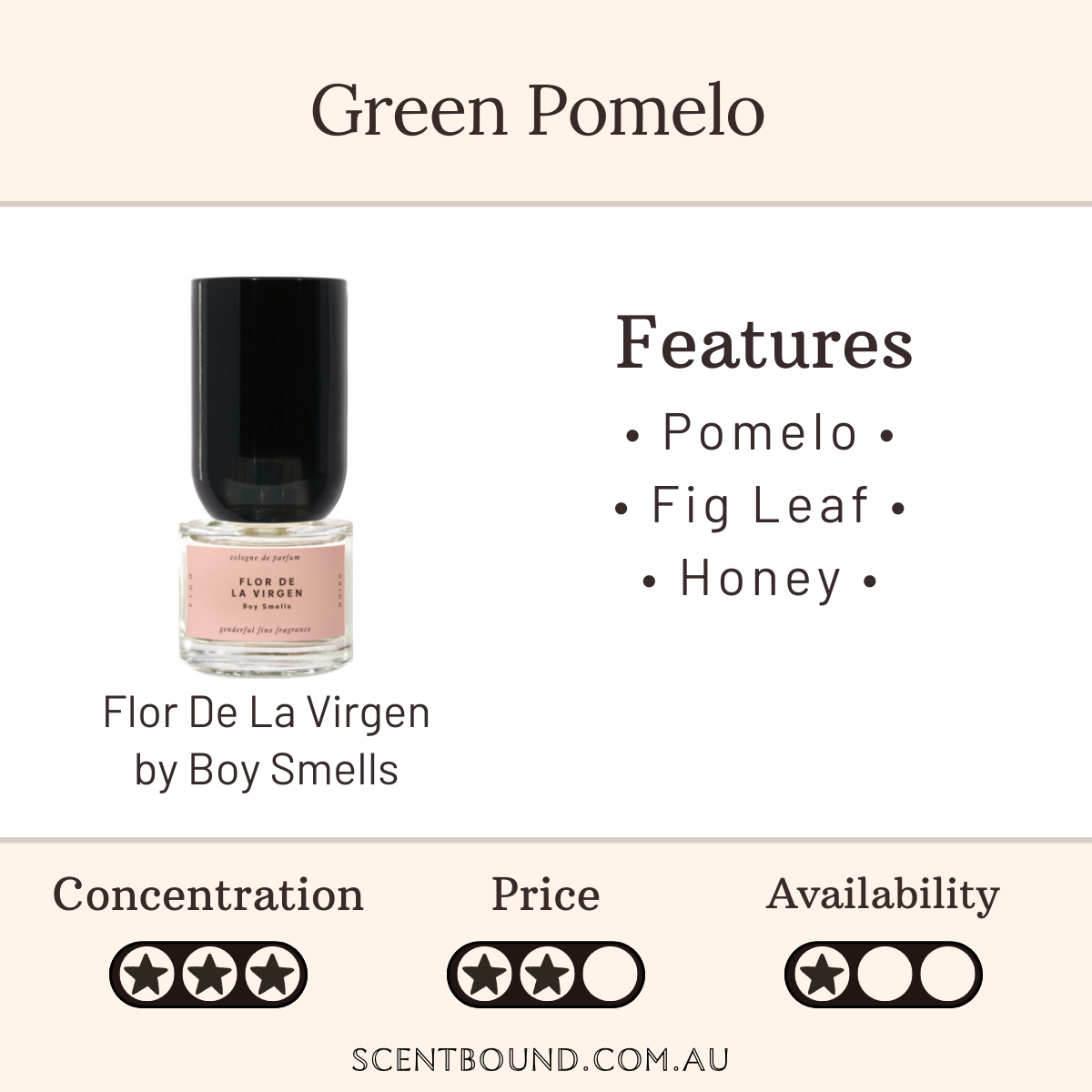Flor De La Virgen by Boy Smells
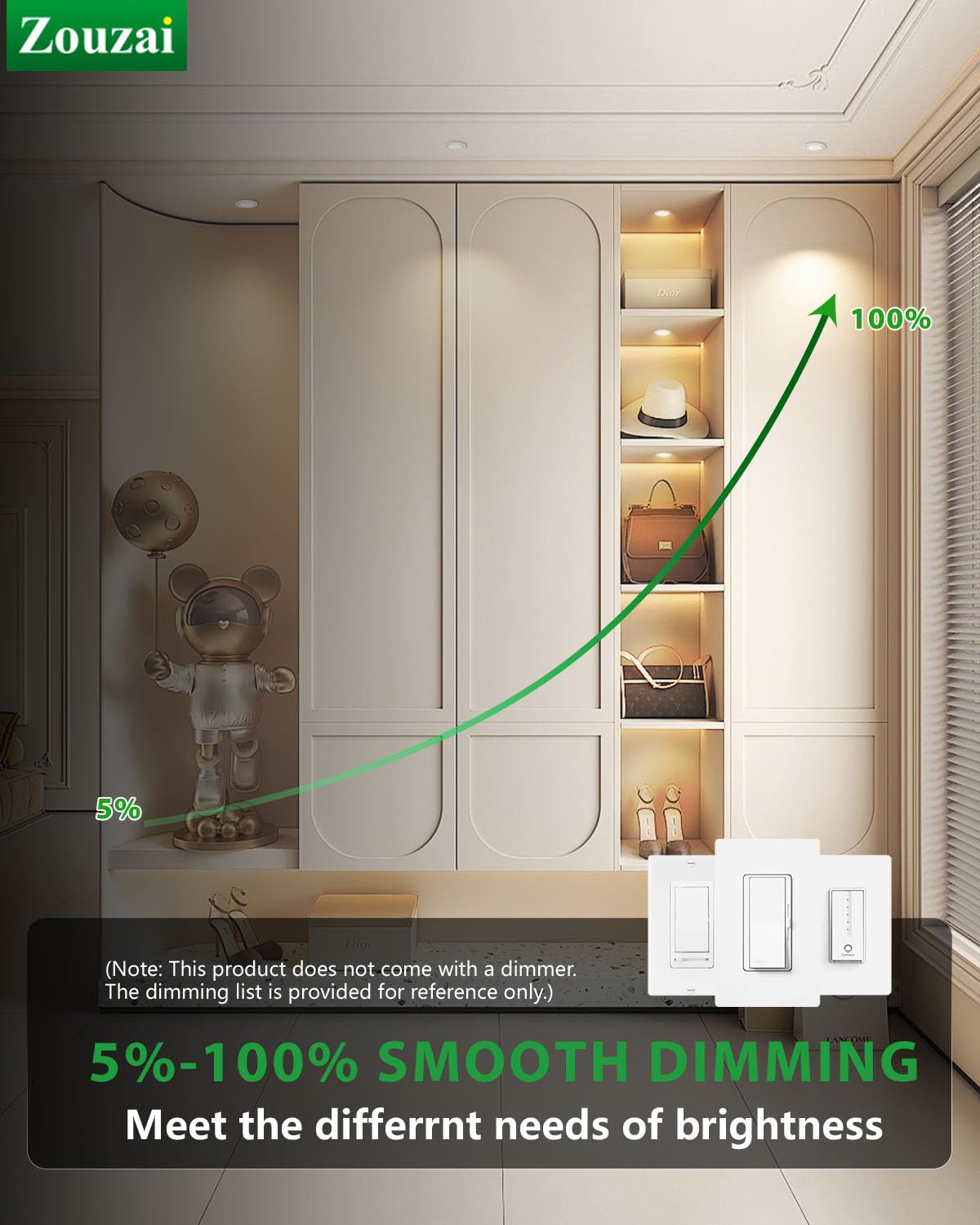 Zouzai 2 Inch Adjustable Mini Led Gimbal Light  5Cct Selectable  360 Rotation & 90 Tilt For Precise Lighting  Accent Or Ambient Illumination In Kitchen  Living Room  Cabinet (White  12 Pack)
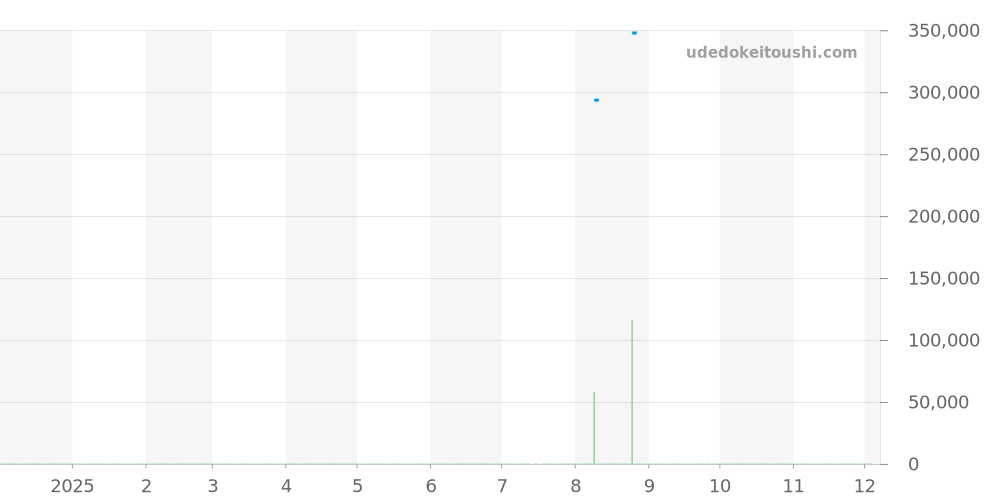 M79500-0007 - チューダー ブラックベイ 価格・相場チャート(平均値, 1年)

-------------------------

### Your task
Write out again every line above exactly as given; the pictures do not belong in the copy.

### Exercise result
Flor De La Virgen by Boy Smells
 Zouzai 2 Inch Adjustable Mini Led Gimbal Light  5Cct Selectable  360 Rotation & 90 Tilt For Precise Lighting  Accent Or Ambient Illumination In Kitchen  Living Room  Cabinet (White  12 Pack)
 M79500-0007 - チューダー ブラックベイ 価格・相場チャート(平均値, 1年)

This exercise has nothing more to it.